* _EXERCISE BRIEF_
For this exercise, return exactly the lines of the material below that begin at the one with "Dog Inspired Engagement" and stop after the one with "Törésálló E27 LED".

* _DATA PROVIDED_

BEGIN

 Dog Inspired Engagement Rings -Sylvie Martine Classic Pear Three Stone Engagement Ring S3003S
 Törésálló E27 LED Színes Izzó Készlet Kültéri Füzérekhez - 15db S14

END
BEGIN

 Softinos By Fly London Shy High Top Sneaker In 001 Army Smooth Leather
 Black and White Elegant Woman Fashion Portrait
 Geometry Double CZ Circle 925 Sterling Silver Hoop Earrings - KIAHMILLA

END
BEGIN

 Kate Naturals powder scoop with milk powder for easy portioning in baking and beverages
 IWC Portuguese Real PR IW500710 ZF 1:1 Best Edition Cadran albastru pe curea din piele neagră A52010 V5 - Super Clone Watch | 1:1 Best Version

END

* _TASK RESULT_
 Dog Inspired Engagement Rings -Sylvie Martine Classic Pear Three Stone Engagement Ring S3003S
 Törésálló E27 LED Színes Izzó Készlet Kültéri Füzérekhez - 15db S14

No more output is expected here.